**DATA FOR PROCESSING:**

■ ■ ■ ■

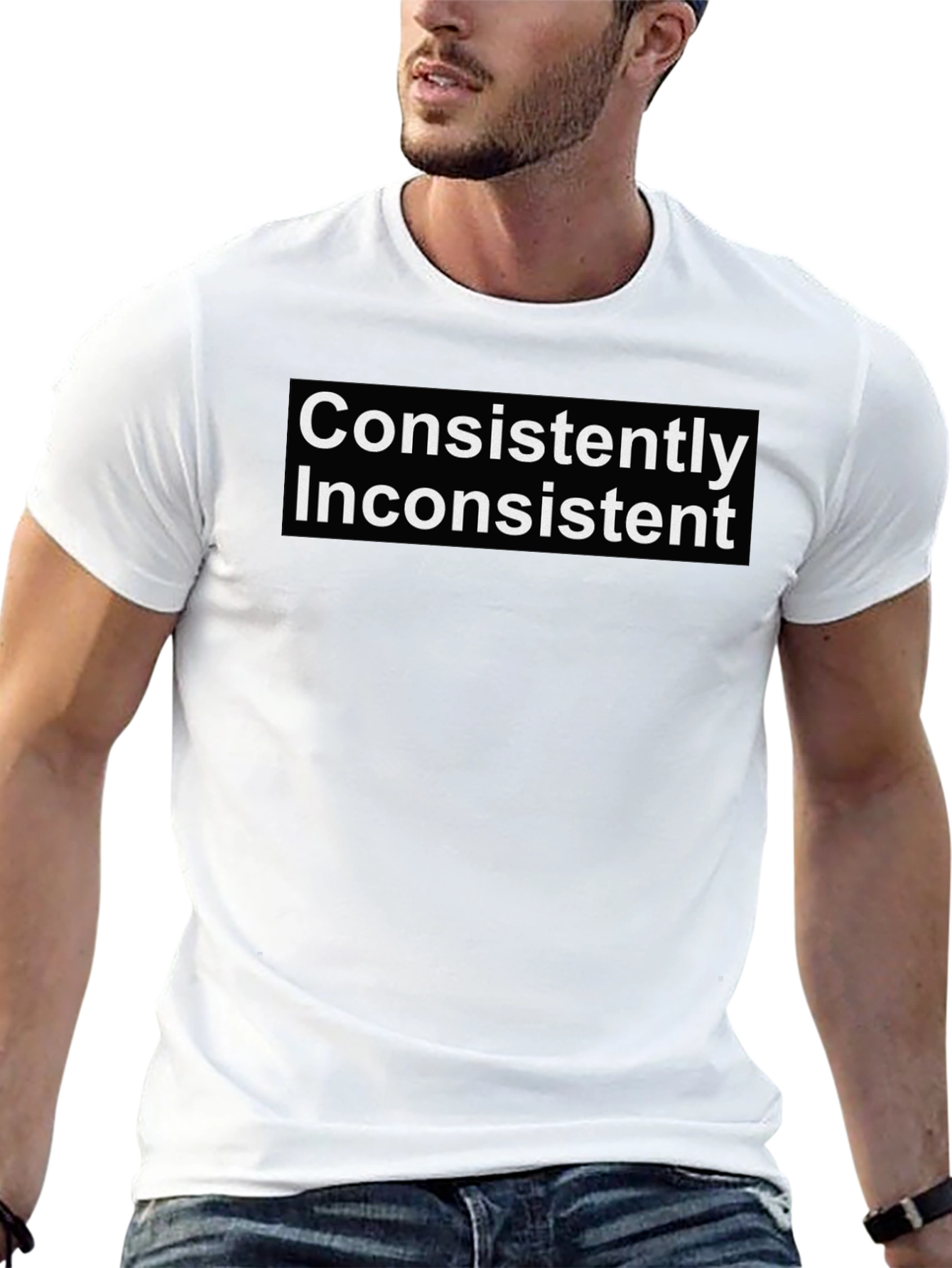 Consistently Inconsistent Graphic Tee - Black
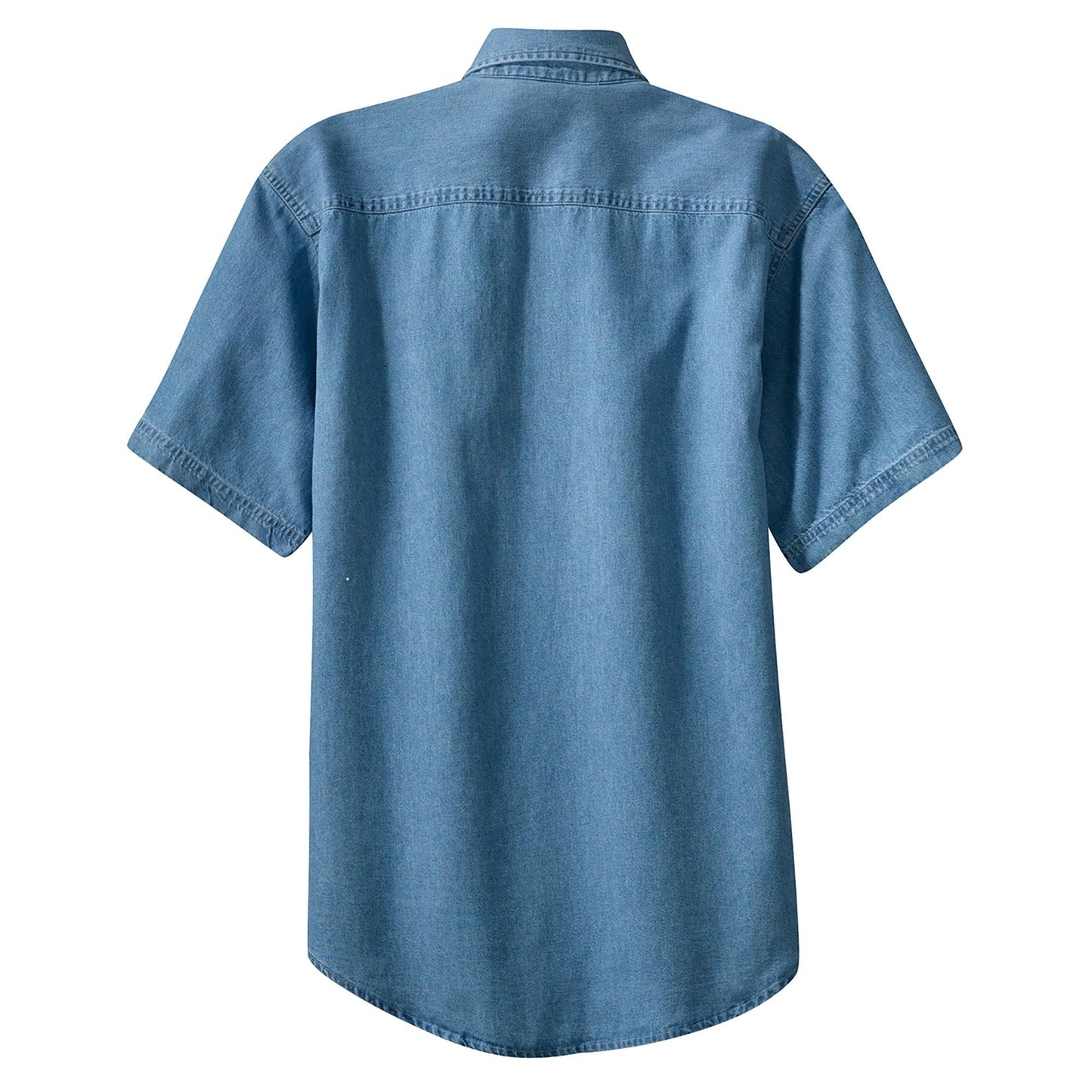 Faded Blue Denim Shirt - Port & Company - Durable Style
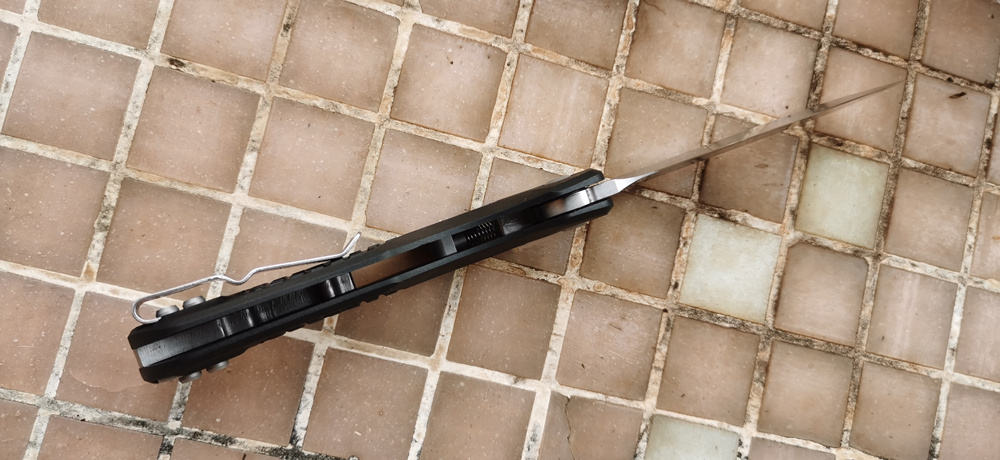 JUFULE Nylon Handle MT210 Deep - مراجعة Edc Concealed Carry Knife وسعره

■ ■ ■ ■

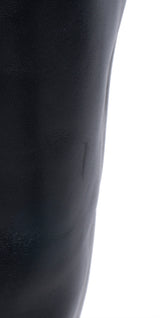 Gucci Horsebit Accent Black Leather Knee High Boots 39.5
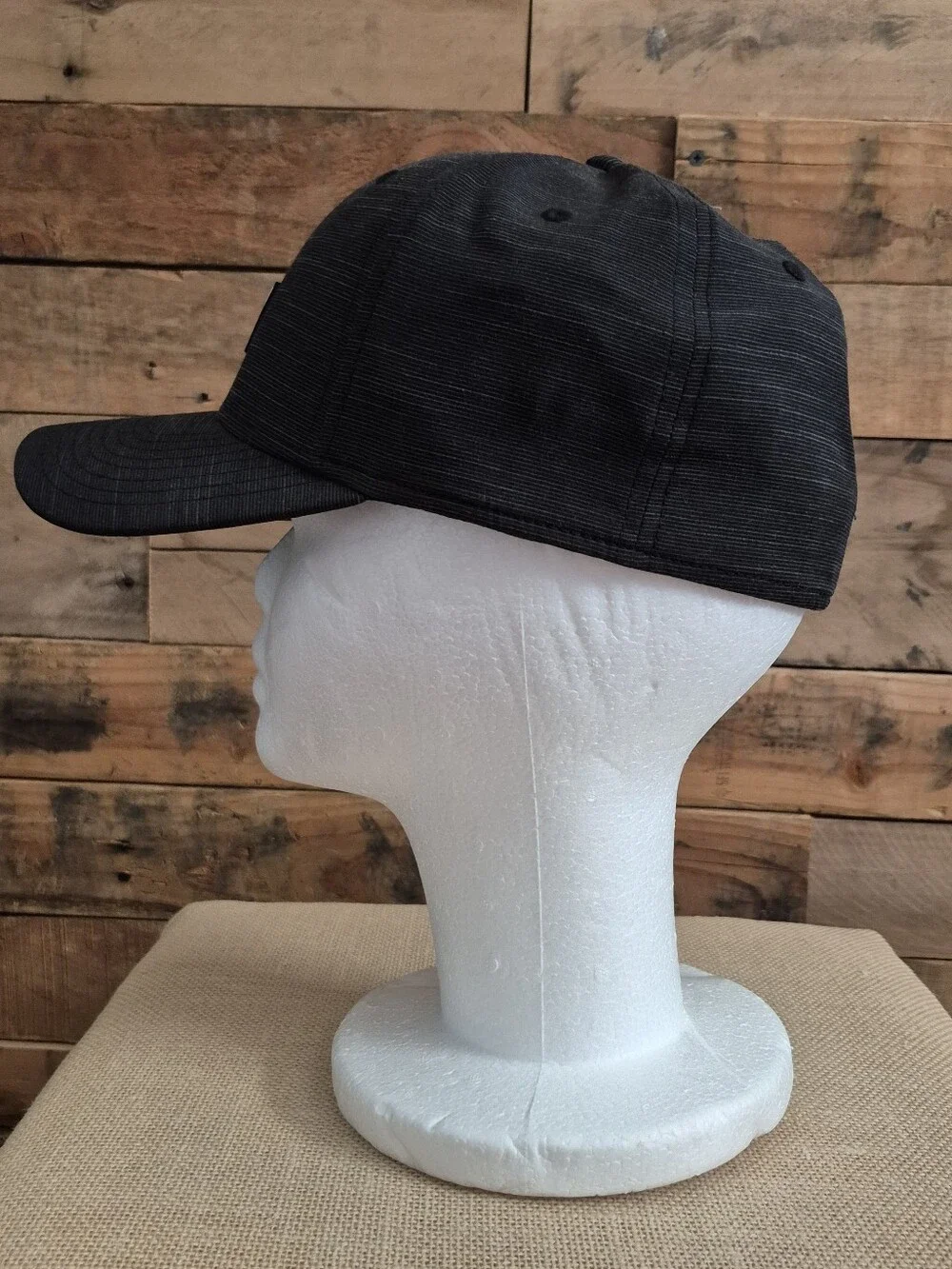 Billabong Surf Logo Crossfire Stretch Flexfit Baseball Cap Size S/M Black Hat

■ ■ ■ ■

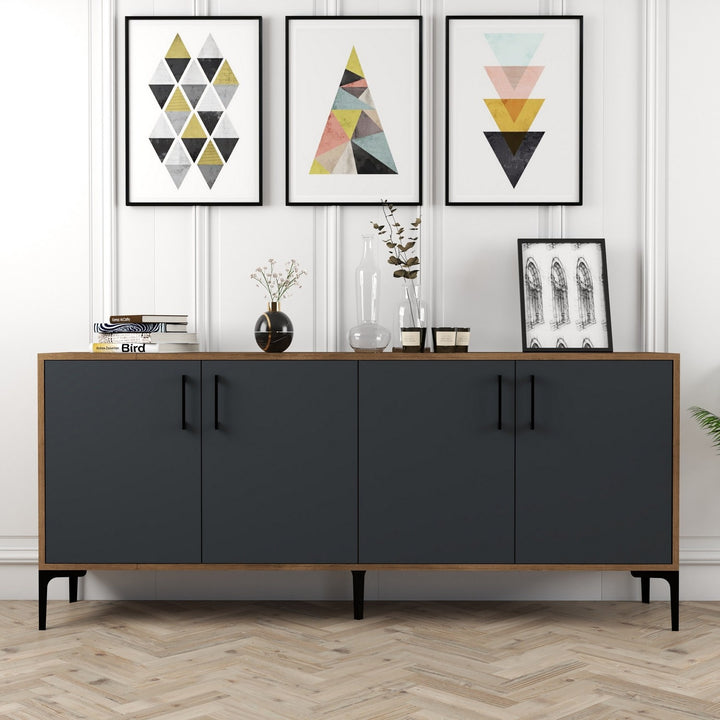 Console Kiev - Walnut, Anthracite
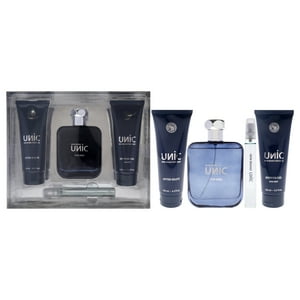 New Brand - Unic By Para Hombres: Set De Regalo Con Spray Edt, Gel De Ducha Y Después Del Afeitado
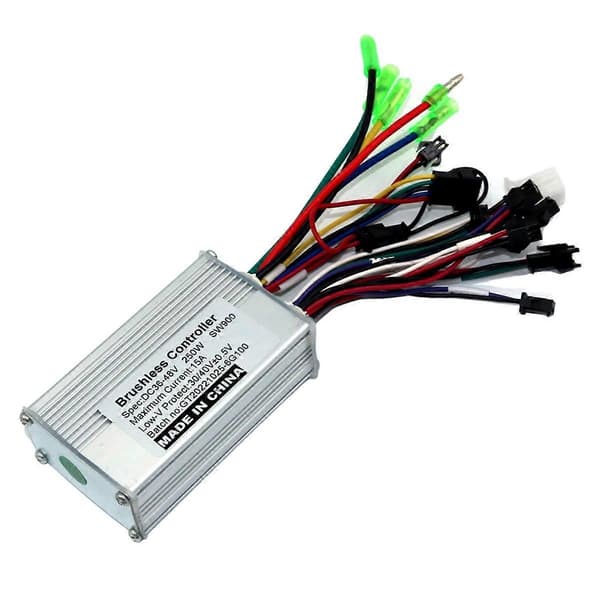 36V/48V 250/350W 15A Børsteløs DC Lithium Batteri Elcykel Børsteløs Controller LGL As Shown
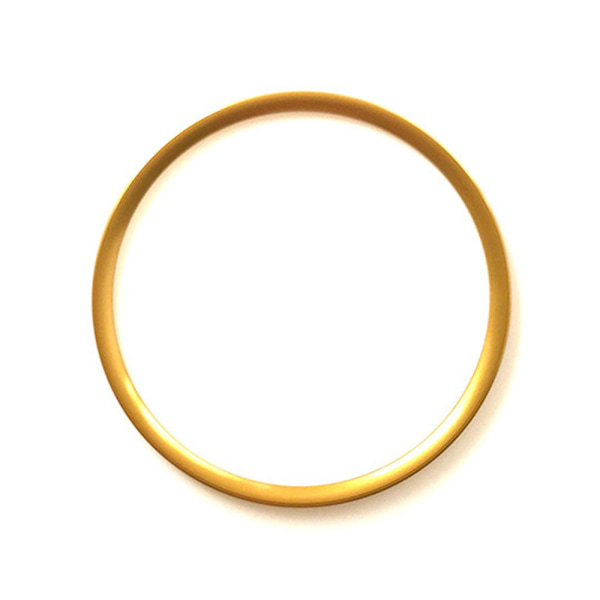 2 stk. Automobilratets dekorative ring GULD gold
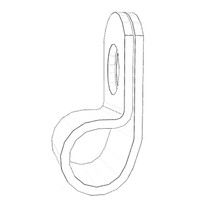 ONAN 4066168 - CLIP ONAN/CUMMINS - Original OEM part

■ ■ ■ ■

**WHAT THE EXERCISE ASKS:** Everything between and including the line above containing "Consistently Inconsistent Graphic" and the line containing "JUFULE Nylon Handle" should be reproduced exactly, with pictures excluded.

**OUTPUT BELOW:**
 Consistently Inconsistent Graphic Tee - Black
 Faded Blue Denim Shirt - Port & Company - Durable Style
 JUFULE Nylon Handle MT210 Deep - مراجعة Edc Concealed Carry Knife وسعره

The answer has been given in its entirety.